Please believe me when I say that the hardest part about having a baby isn't the fatigue, losing your autonomy, having no time for yourself, putting your relationships and marriage on the back burner or being able to focus on nothing else in a 24-hour period except your baby, day after day, although these things are incredibly hard.

No - the really hard part is having to hear your heart's joy scream bloody murder all day long in a flat that looks like it has been leveled by the trampling feet of the four horses of the apocalypse because you are trying to reprogram him out of a bad sleeping habit that you yourself encouraged him to adopt in the first place.

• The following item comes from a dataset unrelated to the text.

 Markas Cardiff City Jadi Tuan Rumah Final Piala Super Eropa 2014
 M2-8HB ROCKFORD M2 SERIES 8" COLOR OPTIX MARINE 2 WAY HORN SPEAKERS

I will say in our defense that it was the midwives and health visitors who made us feel like we were doing a good thing by letting our infant dictate his own routine, though as a certain baby guru wisely wrote: What does a baby know about good sleep practice? He's just a baby!

Is it better to try and break bad habits long after they have been formed in the service of getting through those first few weeks together? We'll never know, but after hours of feeling like we were torturing our first born and taking turns at fleeing to the bedroom for a good cry ourselves, I can definitely say that it might have been worth taking a stab at some sort of routine from the outset.

It didn't occur to either of us that we were jumping into things a little too quickly until I found myself wanting a cigarette for the first time in over two years and Bruce was ringing up his sister in desperation. She said that what we were doing was valiant but that we should abandon our efforts for the time being, at least until after Hartley's jabs (which I'm taking him to get done today and again on Friday) and Bruce's stressful work period (he's having to oversee visits and meanwhile tie up loose ends before his week-long trip to Zambia next Tuesday). Once things are a bit more stable, she's going to come down to help us get the flat organised and then hold my hand while I begin the traumatic process of training him to sleep on his own.

My mother-in-law is coming to stay with us for a few days, I think just to give me a bit of a break and also to offer support, as sometimes the side-effects of inoculations is fever and I've never treated a baby for fever much less heard of the prescribed medication.

Hartley turns two months old on Wednesday, and rather than things calming down, it feels like we've all taken two giant steps back. I think that's just how it is, though, and it's something I'm going to have to get used to. There are lovely new things happening too, don't get me wrong, but they're a bit buried beneath stress at the moment.

1 comment:

Anonymous said...

The primary thing to remember when you're doing the sleep training is that he really is okay (despite the screams) and that you will all be happier and more well-rested once you get him used to sleeping alone/on a regular schedule.